— Excerpted data —
--

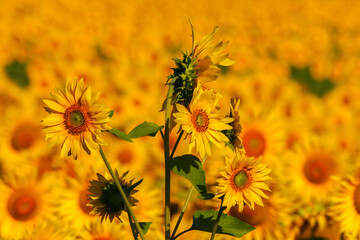 Italy, Tuscany; Field of blooming sunflowers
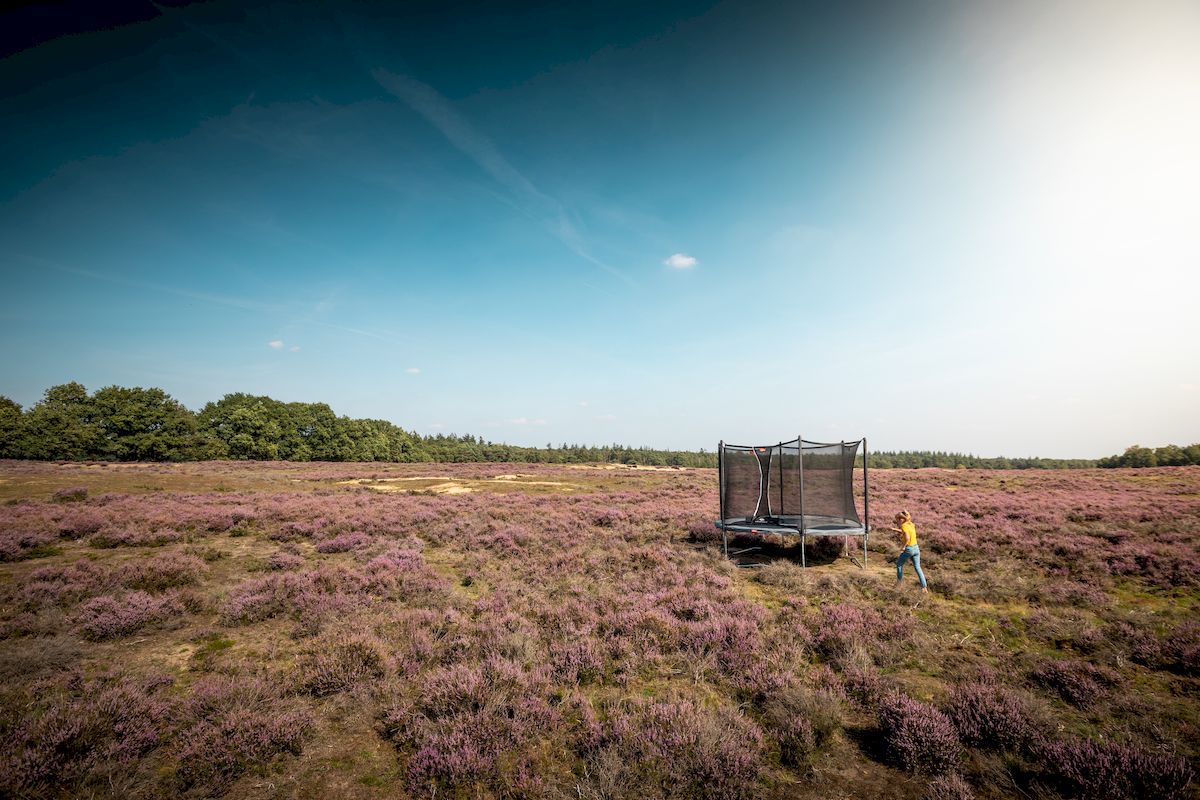 BERG Favorit Regular trampoline met net - Ø 330 cm - Grijs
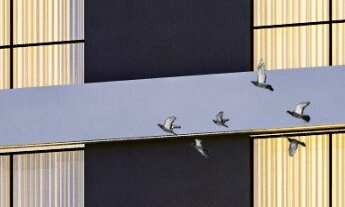 Imagem 7: Apartamento com vista permanente para as Pedras - Itapema do Norte em Itapoá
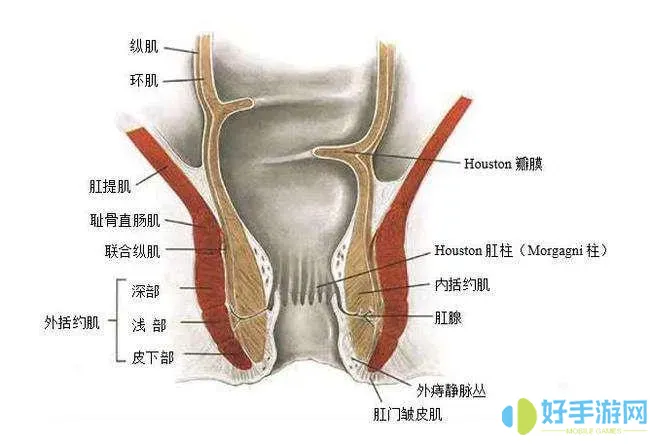 海绵体to括约肌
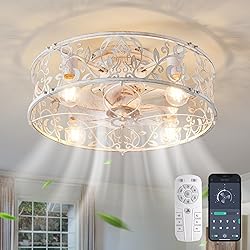 Garwarm 20" Caged Ceiling Fan With Light, Flush
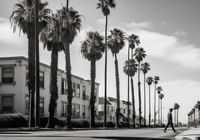 Plakat 100x70cm Spacer w Cieniu Palm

--

— What needs to be done —
Your reply should contain only an exact copy of the lines from the beginning of the material through the line with "With Light, Flush", both ends included, with the pictures removed.

— Result of the task —
 Italy, Tuscany; Field of blooming sunflowers
 BERG Favorit Regular trampoline met net - Ø 330 cm - Grijs
 Imagem 7: Apartamento com vista permanente para as Pedras - Itapema do Norte em Itapoá
 海绵体to括约肌
 Garwarm 20" Caged Ceiling Fan With Light, Flush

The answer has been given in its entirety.